コンピュータ・アーキテクチャの勉強の一環として、C++を用いた行列-行列積演算の高速化を行ったうちの、「キャッシュメモリ編」として簡単にまとめていきます。
そもそもキャッシュメモリってなんだ?というところから、考察も交えながら勉強したことをまとめているので、間違いなどあればご指摘いただけると助かります。

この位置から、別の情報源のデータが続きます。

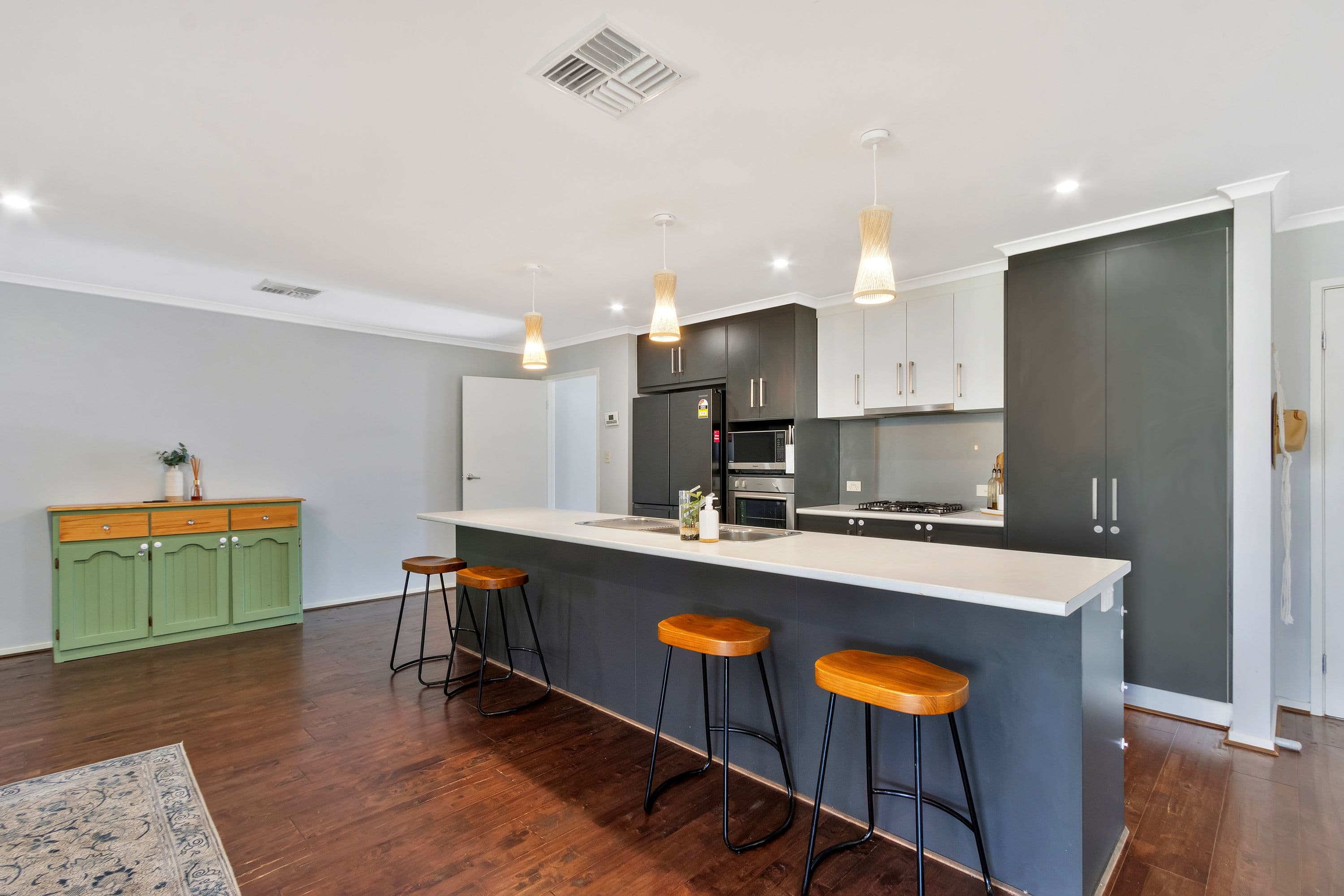 12 Bessen Court, Freeling SA 5372, Freeling - Thumbnail 7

ひとまず、キャッシュを意識した処理を行うことで、どの程度処理の高速化に効果が表れるのか評価するところまでやってます。
目次
※参考文献は本ページ末尾に記載
キャッシュメモリ概要
結局のところキャッシュメモリがどういったものなのか、現状の理解で図にしてみます。
一般にメモリと呼ばれるものは、キャッシュメモリとは別に「メインメモリ」や「グローバルメモリ」などと呼ばれて区別されることが多いです。パソコンを開けたときに、マザーボードのソケットに刺さっているやつのことを指します。
一方、キャッシュメモリはIntelやAMDから発売されている一般にCPUと呼ばれているものや、Macのアップルシリコン等のSoCの半導体素子の中にあらかじめ組み込まれてます。
役割と動作
処理中に演算器がデータを要求したとき、まずキャッシュメモリにデータの問い合わせを行い、キャッシュメモリ中に対象のデータがない場合、仕方なくメインメモリに問い合わせを行うというような挙動をするためのメモリです。

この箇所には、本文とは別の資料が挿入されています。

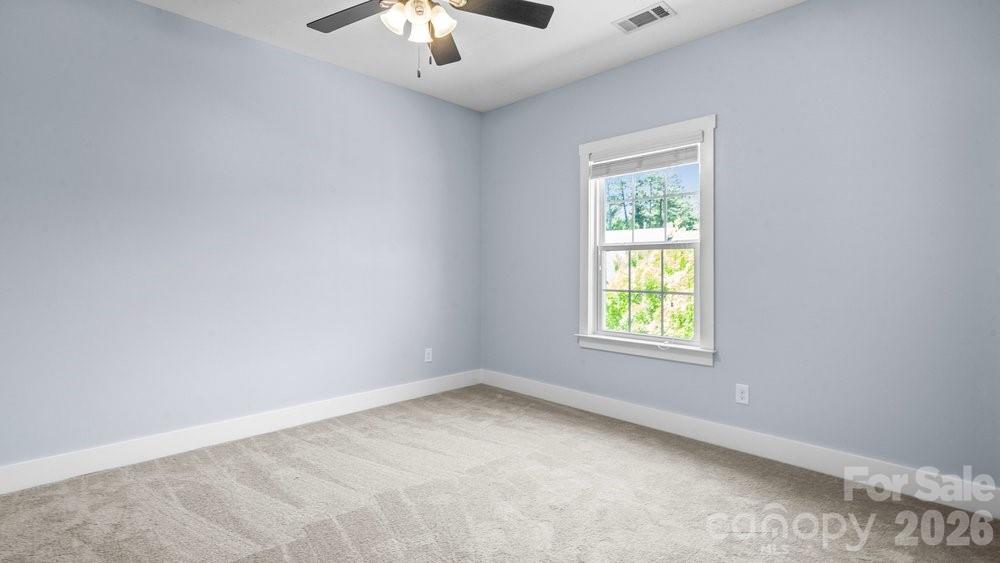 11926 Grey Partridge Drive Property Photo 36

キャッシュへのデータの格納方法としては、メインメモリへアクセスしたとき、アクセスしたアドレスの近い位置に格納されているデータが、格納されます。これは、直近で利用されたデータは再度利用される可能性が高いことと、直近でアクセスされたデータの近くにあるデータを直後に利用する傾向が高いプログラムの特性を利用した、高速化戦略になっているらしいです。このような傾向を「局所性の法則」などといったりします。
プログラマ側で明示的に指示しなくてもデータは自動的にブロックといわれる単位で格納されてます。
処理を書いていく側としては、処理によってキャッシュ動作に明示的な動作を与えたい瞬間が出てきそうな気がしますが、「キャッシュメモリの挙動に寄り添った処理を書け」というのがプログラマ側に問答無用に要求されるということだと思います。
詳しくは、俗に「パタヘネ」といわれる界隈でよく知られた書籍を読むと詳しく載ってます。
メモリ階層
そもそもメモリはその名前の通りデータを記憶するための装置であり、コンピュータにはいくつかの記憶装置が搭載されることが一般的です。2010年代以降では主に以下のようなメモリが使用されています。
- レジスタ
- キャッシュ
- メインメモリ
- 外部記憶装置(SSD/HDD等)
アクセス時間はあくまで目安ですが、階層間によっては10倍~1000倍ほど速度の違いがあります。ここで、キャッシュはさらにL1(1次キャッシュ)から、L2(2次キャッシュ)といった階層に分けられていることが多いです。これは、マルチレベル・キャッシュと呼ばれている技法で、記憶の階層を増やすことでキャッシュの内に対象データが格納されていない場合のペナルティを低減させることを目的とした技法らしいです。
キャッシュメモリが高速動作する理由
そもそも、キャッシュメモリがメインメモリと比較して高速に動作する原理としては、以下のような理由が挙げられます。
1.プロセッサからの物理的な距離の近さ
人間にとっては、そこまで大きな違いのようには感じませんが、キャッシュメモリに限らず、演算器に物理的に近い位置にある記憶装置は、高速なアクセスが可能であることは、上述したメモリ階層の図からも明らかです。
電気信号が伝送される速度は、光の速度に比べても非常に遅く伝送経路がより短いほうがデータの伝送速度は高速になります。キャッシュに用いられるSRAMは、半導体素子で構成できるため、チップの中にメモリを収めることができ、メインメモリなどに用いられるDRAMと比較して構造的に演算回路の近くに配置しやすい特性もあります。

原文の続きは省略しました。